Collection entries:
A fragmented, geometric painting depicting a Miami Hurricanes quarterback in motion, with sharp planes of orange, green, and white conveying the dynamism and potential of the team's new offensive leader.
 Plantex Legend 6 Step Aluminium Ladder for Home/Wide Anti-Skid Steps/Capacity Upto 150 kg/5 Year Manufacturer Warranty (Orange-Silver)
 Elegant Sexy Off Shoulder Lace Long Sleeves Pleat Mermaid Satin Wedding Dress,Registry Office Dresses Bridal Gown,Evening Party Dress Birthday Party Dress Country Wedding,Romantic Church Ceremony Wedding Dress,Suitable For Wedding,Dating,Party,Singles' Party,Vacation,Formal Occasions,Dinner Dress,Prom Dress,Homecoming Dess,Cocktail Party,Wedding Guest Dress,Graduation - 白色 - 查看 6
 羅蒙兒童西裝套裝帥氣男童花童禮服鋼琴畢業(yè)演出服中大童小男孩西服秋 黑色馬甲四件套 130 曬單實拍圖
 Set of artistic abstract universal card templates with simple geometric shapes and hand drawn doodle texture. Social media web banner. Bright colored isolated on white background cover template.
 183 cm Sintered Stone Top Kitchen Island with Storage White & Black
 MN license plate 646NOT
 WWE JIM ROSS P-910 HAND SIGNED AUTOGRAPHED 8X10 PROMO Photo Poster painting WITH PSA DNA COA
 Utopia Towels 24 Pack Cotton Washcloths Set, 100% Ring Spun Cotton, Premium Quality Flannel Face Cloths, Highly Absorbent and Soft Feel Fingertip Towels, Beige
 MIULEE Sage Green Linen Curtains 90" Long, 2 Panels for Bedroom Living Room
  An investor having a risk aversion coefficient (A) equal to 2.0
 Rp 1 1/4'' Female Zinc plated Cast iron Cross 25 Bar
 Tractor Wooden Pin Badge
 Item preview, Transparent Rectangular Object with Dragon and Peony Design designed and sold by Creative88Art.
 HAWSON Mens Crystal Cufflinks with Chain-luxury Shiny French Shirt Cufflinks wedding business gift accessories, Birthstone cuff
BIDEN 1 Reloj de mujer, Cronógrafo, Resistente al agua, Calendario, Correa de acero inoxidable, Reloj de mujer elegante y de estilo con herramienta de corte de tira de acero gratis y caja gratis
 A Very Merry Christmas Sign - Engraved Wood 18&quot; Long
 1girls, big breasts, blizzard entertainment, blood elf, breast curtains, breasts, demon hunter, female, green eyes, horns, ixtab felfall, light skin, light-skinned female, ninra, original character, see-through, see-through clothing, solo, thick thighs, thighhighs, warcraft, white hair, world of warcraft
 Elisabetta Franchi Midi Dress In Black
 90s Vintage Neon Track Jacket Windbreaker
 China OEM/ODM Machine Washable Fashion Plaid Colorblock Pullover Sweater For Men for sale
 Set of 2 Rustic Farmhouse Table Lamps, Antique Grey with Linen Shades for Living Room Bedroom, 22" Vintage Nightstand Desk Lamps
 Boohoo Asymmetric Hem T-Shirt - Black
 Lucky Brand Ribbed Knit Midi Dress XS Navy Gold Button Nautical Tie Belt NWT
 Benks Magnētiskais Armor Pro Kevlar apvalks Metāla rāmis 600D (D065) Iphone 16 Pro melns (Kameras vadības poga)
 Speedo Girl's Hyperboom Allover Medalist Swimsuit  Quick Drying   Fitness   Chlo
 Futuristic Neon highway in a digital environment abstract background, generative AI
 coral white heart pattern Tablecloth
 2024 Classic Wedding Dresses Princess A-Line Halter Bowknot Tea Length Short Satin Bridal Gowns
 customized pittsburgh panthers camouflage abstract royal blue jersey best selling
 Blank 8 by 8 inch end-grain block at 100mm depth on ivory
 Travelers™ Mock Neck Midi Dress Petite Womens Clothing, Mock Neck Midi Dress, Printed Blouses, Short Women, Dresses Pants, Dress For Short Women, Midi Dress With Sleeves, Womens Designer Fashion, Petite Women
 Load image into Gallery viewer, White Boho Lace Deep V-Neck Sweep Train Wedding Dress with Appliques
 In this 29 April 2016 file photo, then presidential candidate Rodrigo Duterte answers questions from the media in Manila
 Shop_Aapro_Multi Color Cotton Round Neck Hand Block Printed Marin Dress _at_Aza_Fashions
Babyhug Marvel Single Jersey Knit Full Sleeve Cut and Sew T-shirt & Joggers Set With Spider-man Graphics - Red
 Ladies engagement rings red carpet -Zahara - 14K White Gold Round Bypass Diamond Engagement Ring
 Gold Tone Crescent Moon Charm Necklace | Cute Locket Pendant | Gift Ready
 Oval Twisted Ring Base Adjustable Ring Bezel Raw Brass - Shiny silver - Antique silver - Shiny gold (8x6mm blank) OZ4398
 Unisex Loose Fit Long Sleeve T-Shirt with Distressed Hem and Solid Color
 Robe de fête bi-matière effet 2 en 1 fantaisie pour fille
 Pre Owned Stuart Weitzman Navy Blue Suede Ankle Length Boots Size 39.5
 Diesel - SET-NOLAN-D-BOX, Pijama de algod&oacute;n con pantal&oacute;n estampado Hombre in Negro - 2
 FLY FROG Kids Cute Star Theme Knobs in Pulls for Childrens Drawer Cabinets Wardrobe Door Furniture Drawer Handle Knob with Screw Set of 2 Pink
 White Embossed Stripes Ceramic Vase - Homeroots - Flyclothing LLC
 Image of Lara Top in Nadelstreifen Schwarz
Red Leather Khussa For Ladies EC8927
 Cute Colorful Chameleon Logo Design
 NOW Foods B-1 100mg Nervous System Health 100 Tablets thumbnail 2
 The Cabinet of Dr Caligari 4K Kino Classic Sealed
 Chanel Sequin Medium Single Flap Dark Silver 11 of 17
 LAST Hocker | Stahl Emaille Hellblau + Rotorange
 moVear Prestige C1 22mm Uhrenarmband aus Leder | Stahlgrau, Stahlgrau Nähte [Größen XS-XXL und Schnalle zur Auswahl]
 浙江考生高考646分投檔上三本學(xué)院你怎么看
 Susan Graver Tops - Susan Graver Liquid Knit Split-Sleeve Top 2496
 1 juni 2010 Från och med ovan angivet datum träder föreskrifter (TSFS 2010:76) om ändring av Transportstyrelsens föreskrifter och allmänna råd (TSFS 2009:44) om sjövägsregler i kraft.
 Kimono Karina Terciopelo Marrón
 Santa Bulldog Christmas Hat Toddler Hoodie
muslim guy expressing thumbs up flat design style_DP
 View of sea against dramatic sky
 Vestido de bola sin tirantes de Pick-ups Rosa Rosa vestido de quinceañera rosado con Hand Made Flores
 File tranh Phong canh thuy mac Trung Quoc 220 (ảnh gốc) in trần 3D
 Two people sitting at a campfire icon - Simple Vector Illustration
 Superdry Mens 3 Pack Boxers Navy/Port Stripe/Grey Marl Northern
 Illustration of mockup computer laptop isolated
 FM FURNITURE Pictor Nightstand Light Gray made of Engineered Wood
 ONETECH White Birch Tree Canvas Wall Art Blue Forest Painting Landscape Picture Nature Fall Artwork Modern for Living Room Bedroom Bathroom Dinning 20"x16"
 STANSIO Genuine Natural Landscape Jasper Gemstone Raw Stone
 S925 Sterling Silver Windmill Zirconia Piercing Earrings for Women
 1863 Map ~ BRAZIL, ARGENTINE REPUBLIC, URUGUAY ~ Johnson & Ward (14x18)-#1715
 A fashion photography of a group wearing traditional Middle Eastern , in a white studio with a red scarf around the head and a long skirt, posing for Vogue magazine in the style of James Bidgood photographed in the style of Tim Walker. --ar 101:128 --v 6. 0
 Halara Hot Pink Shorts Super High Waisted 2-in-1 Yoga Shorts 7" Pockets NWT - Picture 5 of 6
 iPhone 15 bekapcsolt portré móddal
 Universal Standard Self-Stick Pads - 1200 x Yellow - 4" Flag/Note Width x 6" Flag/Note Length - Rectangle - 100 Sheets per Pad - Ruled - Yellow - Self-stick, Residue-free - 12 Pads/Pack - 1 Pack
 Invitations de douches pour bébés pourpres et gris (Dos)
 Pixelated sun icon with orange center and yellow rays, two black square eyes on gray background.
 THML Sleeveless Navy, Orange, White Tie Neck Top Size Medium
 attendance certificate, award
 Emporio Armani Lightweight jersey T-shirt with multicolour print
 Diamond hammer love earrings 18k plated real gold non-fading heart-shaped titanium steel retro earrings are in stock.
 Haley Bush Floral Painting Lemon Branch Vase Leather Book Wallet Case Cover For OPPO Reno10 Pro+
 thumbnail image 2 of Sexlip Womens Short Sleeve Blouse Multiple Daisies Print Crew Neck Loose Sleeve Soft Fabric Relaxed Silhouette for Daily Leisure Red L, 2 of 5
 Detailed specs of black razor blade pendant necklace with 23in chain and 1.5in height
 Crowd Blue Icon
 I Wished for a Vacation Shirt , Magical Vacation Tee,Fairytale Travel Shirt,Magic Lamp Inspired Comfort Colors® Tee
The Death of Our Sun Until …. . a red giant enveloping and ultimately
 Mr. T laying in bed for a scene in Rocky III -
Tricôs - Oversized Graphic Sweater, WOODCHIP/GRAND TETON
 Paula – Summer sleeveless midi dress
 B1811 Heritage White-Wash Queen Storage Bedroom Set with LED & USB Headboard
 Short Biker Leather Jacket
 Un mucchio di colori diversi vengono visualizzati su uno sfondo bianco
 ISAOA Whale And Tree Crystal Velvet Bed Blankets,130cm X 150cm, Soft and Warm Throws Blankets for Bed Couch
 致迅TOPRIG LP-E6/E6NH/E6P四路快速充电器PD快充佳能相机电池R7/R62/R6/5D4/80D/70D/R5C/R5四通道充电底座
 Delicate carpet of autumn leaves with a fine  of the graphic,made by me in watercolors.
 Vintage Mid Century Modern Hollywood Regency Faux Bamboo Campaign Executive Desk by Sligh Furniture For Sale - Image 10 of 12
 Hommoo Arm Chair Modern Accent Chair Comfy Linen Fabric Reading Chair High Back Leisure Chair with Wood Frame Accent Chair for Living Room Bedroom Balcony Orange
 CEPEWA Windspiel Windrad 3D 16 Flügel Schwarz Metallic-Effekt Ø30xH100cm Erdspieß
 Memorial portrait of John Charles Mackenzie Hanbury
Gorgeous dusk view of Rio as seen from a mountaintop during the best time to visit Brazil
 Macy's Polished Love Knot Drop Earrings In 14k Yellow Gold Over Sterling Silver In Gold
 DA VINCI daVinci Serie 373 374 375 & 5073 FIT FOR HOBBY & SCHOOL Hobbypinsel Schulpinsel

TASK STATEMENT
Please make your reply exactly the lines from the one containing "Un mucchio di" through the end of the entries above, and nothing more.

EXERCISE ANSWER
 Un mucchio di colori diversi vengono visualizzati su uno sfondo bianco
 ISAOA Whale And Tree Crystal Velvet Bed Blankets,130cm X 150cm, Soft and Warm Throws Blankets for Bed Couch
 致迅TOPRIG LP-E6/E6NH/E6P四路快速充电器PD快充佳能相机电池R7/R62/R6/5D4/80D/70D/R5C/R5四通道充电底座
 Delicate carpet of autumn leaves with a fine  of the graphic,made by me in watercolors.
 Vintage Mid Century Modern Hollywood Regency Faux Bamboo Campaign Executive Desk by Sligh Furniture For Sale - Image 10 of 12
 Hommoo Arm Chair Modern Accent Chair Comfy Linen Fabric Reading Chair High Back Leisure Chair with Wood Frame Accent Chair for Living Room Bedroom Balcony Orange
 CEPEWA Windspiel Windrad 3D 16 Flügel Schwarz Metallic-Effekt Ø30xH100cm Erdspieß
 Memorial portrait of John Charles Mackenzie Hanbury
Gorgeous dusk view of Rio as seen from a mountaintop during the best time to visit Brazil
 Macy's Polished Love Knot Drop Earrings In 14k Yellow Gold Over Sterling Silver In Gold
 DA VINCI daVinci Serie 373 374 375 & 5073 FIT FOR HOBBY & SCHOOL Hobbypinsel Schulpinsel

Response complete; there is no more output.